Salvatore Domenick Desiano sal at ri.cmu.edu
Fri Apr 27 04:40:57 PDT 2007


o > and for the immediate workaround, the port maintainer can bump the epoch.
o 
o Isn't that going to muck things up for future versions if I then delete it
o completely?  I figure that that must be the reason why I get
o netpbm                         10.26.30_0 > 10.26.39_0  !

My understanding is that the epoch "outranks" the revision. So, until 
tor's version numbers start working with rpm-vercomp, we leave the epoch 
flag in. For packages that are always a problem, the epoch flag never 
leaves.
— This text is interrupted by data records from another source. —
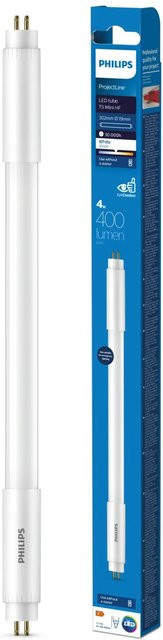 Philips LED-Röhre T5 G5 Weiß 8 W Länge: 30,2 cm, Durchmesser: 1,9 cm - Bild 1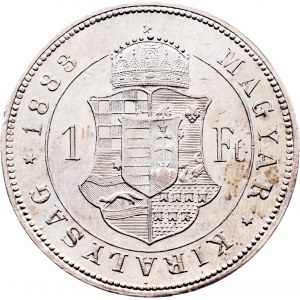 Franz Joseph I., 1 Forint 1883, KB, Kremnitz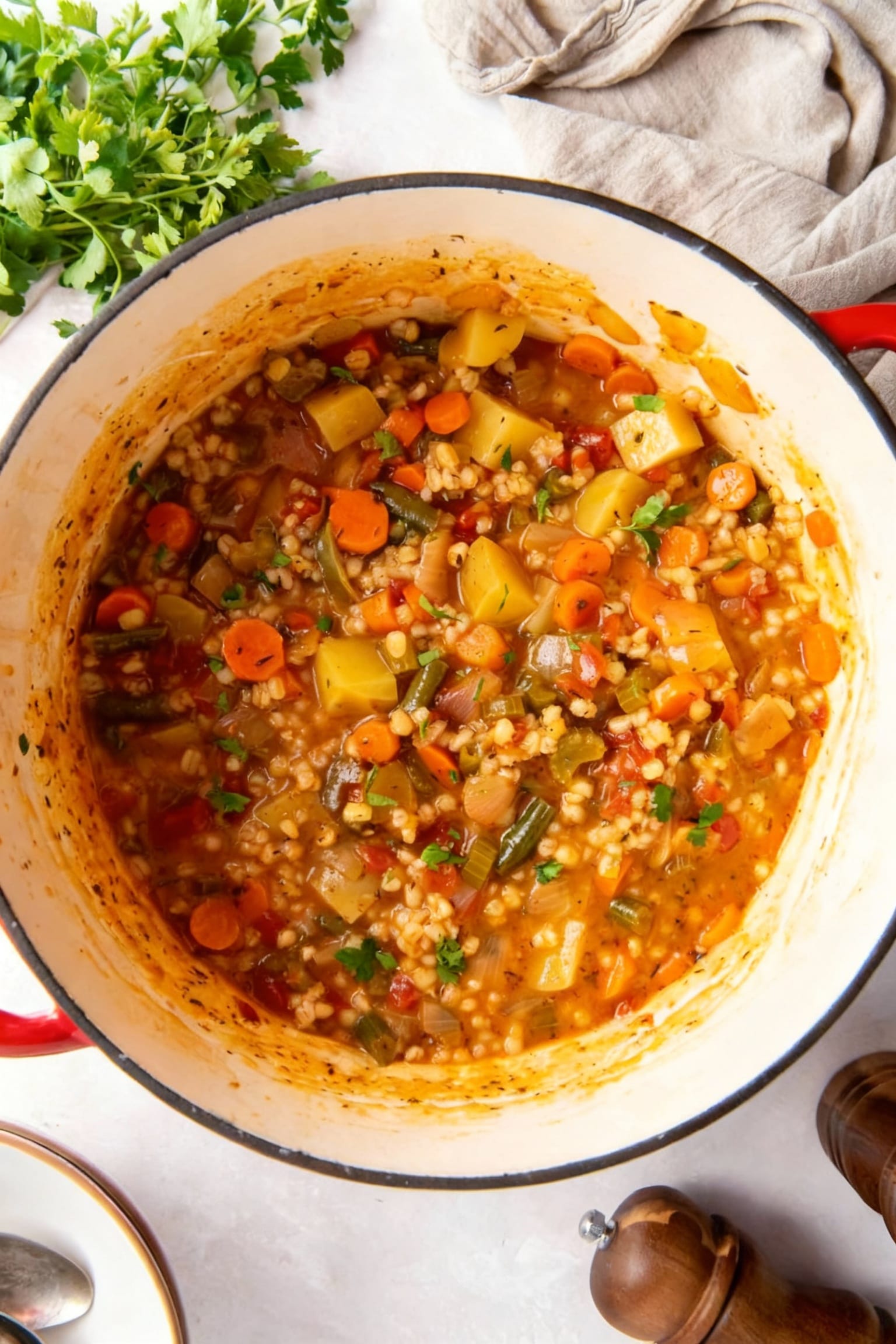 Savory Vegetable Barley Soup Recipe My-Method-for-Vegetable-Barley-Soup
It is, I guess, a "permanent" addition, since it is hard to go 
back until we can guarantee that everyone has gotten rid of their 
epoch-marked version.

Though that raises a question: could epoch be interpreted as "if the 
current Portfile does not contain an epoch, ignore the epoch on the 
installed version"? Is that semantically correct?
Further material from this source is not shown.